### Data extracts
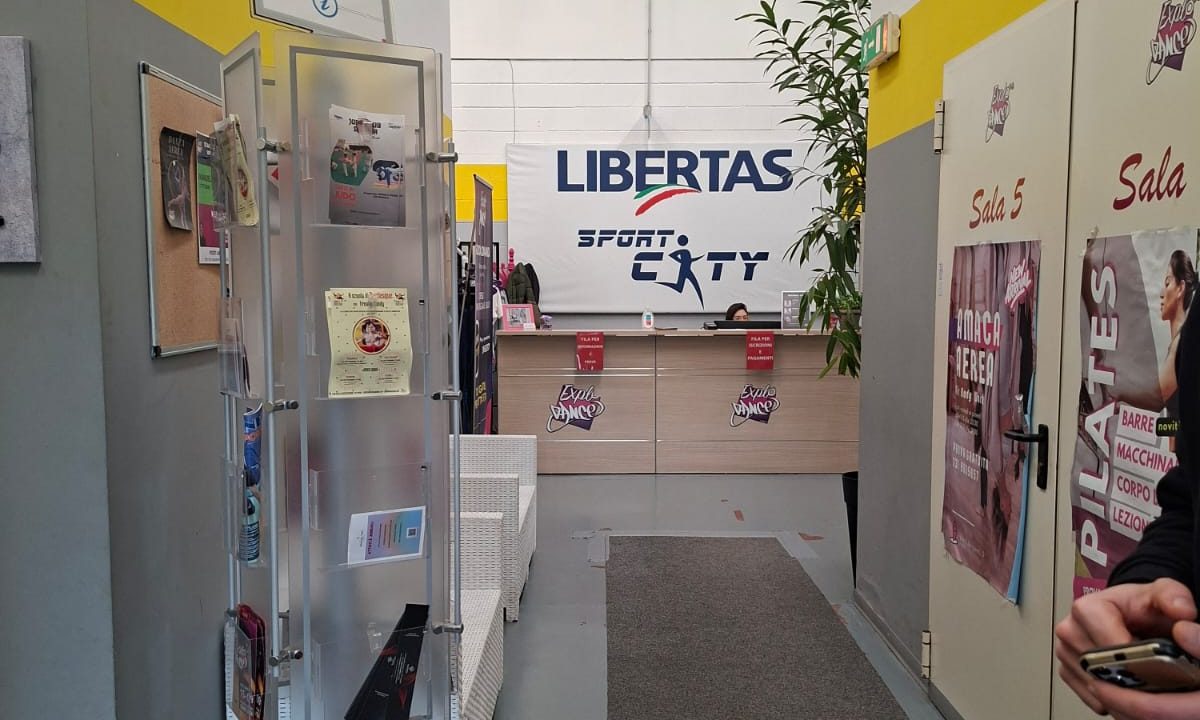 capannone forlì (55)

--

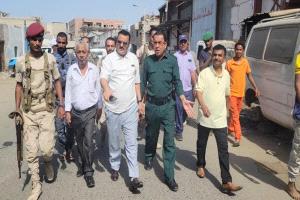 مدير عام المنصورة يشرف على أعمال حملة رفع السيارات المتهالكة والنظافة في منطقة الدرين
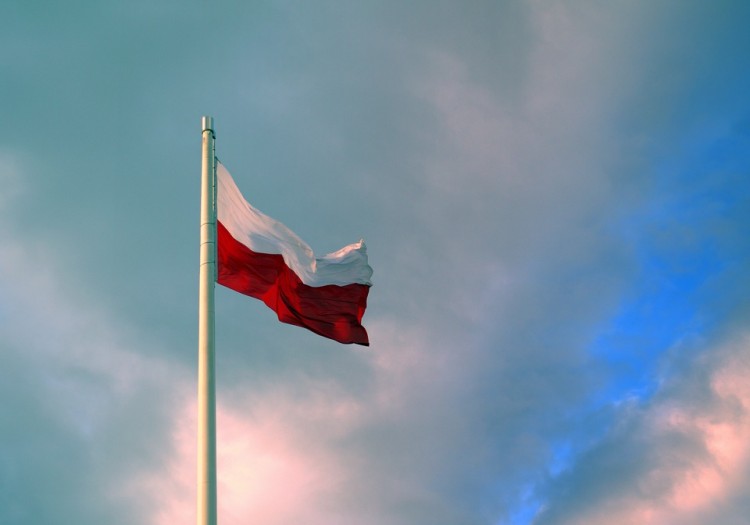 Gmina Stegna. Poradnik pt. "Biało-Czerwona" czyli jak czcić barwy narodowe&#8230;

### Action item
Give again the lines of the listing above that run from the one with "مدير عام المنصورة" up to and including the one with "Gmina Stegna. Poradnik". Keep them exact and omit the pictures.

### Task solution
 مدير عام المنصورة يشرف على أعمال حملة رفع السيارات المتهالكة والنظافة في منطقة الدرين
 Gmina Stegna. Poradnik pt. "Biało-Czerwona" czyli jak czcić barwy narodowe&#8230;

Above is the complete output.